Second dimanche de carême - Dimanche de saint Grégoire Palamas.
Hébreux
I, 10 - II, 3
Évangile selon saint Marc II, 1-12
Au nom du Père et du Fils et du Saint-Esprit.
Quand Jésus dit au paralytique : « Mon enfant, tes péchés te sont remis », Il soulève un murmure de réprobation chez les scribes.
Cette réaction découle de leurs préjugés sur Jésus : « Comment un homme peut-il parler ainsi ?Seul Dieu peut remettre les péchés. » Le refus de reconnaître en Jésus le Fils de Dieu sera la cause de la mort du Christ : Il s'est fait le Fils de Dieu ! Même si à ce prétexte théologique se sont mêlés des motifs plus bassement humains, comme la conviction des scribes et pharisiens de détenir seuls la vérité et de représenter seuls l'autorité religieuse avec tous ses profits.
Mais on peut considérer l'épisode de la guérison du paralytique sous un autre angle, celui de l'unité fondamentale de l'homme.

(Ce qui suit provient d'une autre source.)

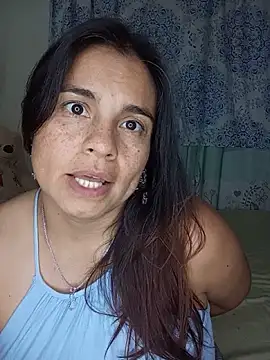 Chat XXX en directo de BettyBoo_w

Voici un malheureux que ses amis amènent pour que Jésus le guérisse de sa paralysie. Et que dit Jésus ? « tes péchés te sont remis » ! Il y a donc en nous un rapport et même un lien unitif et constitutif entre le corporel, le psychique et le spirituel. C'était d'ailleurs la conception traditionnelle des sémites. L'homme est un tout. On ne peut impunément vivre dans un désordre spirituel sans que le corps n'en souffre ; et inversement une atteinte organique entraîne une souffrance de l'âme. Même si ces choses paraissent occultées de nos jours par le développement disharmonieux des techniques et des sciences par rapport à celui du sens moral et de la vie spirituelle, elles n'en restent pas moins vraies ; comme le montrent bien les aberrations du comportement et la somme des souffrances inimaginables de l'homme d'aujourd'hui.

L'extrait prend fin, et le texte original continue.